Supplied data:
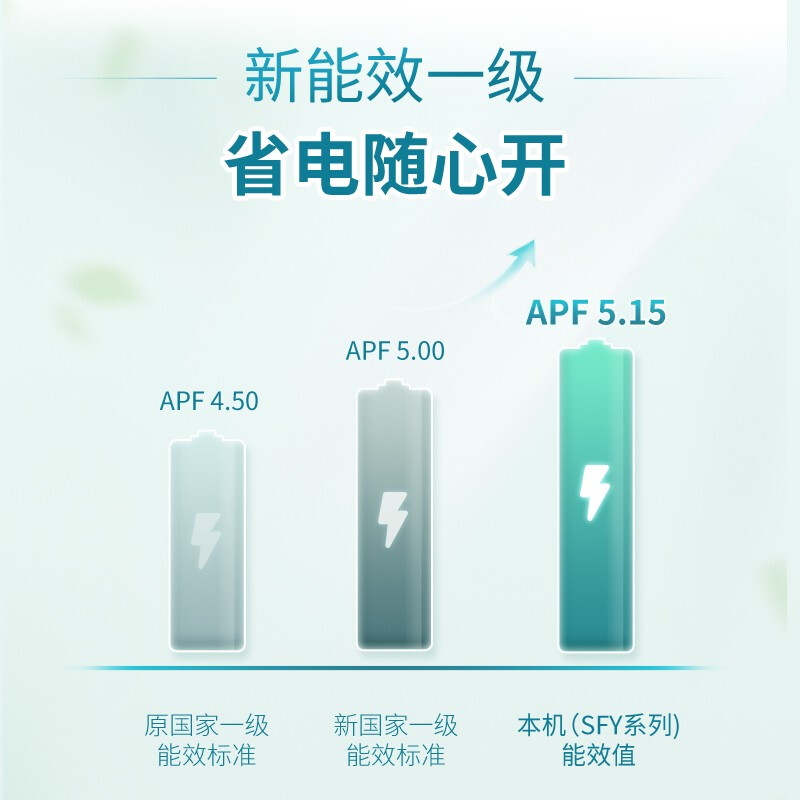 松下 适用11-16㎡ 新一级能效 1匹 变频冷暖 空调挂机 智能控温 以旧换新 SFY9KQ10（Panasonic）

--

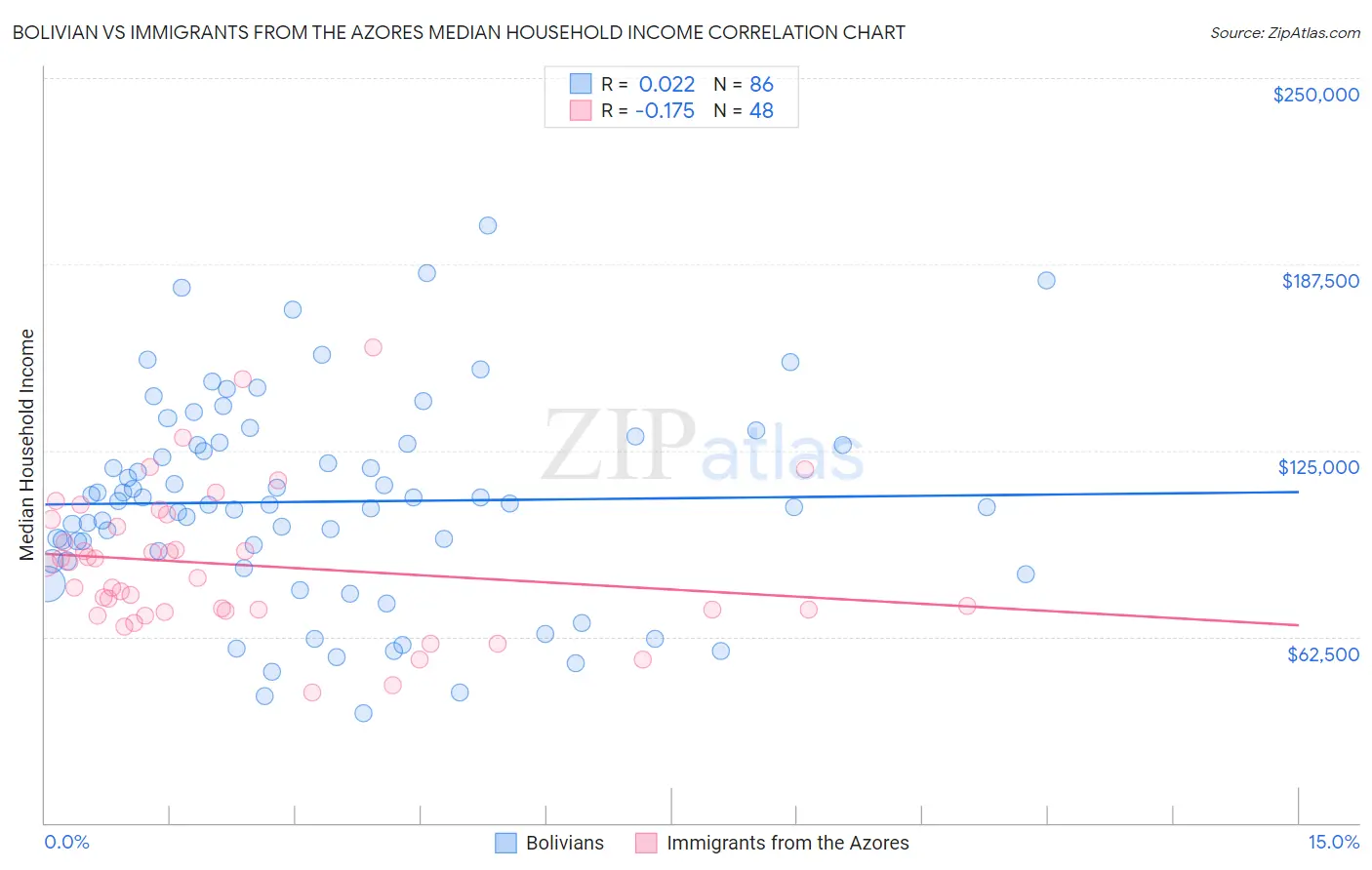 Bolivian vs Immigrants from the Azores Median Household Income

---

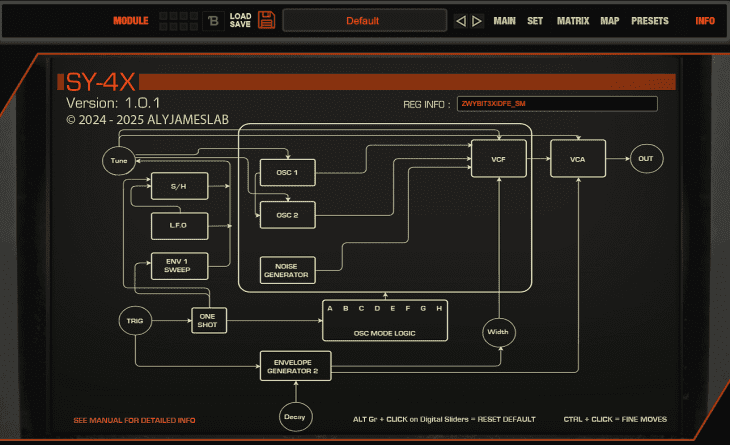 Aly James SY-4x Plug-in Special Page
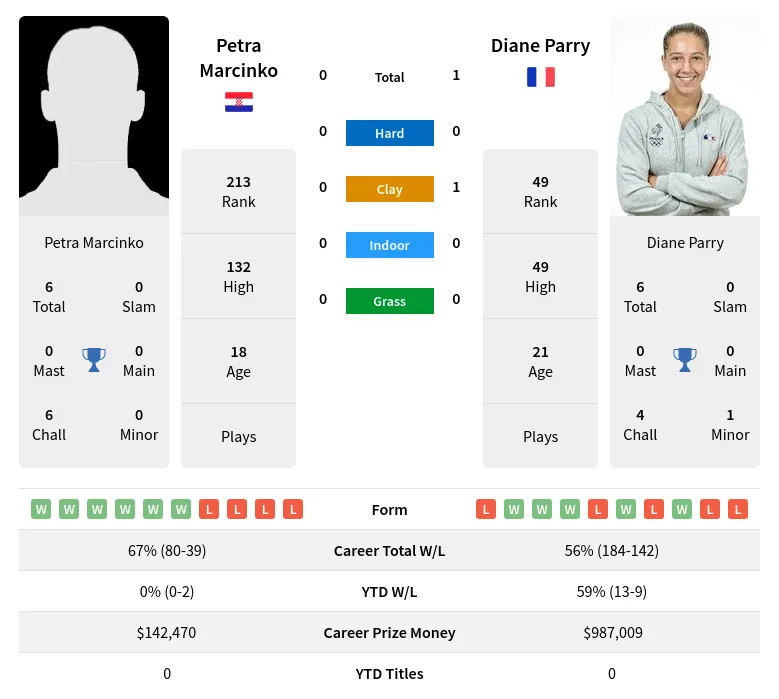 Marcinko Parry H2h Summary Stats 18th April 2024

Problem: Would you give again, exactly, the lines in the data above that run from the line containing "Aly James SY-4x Plug-in Special Page" to the line containing "Marcinko Parry H2h"? Include both ends and no pictures.

Answer below:
 Aly James SY-4x Plug-in Special Page
 Marcinko Parry H2h Summary Stats 18th April 2024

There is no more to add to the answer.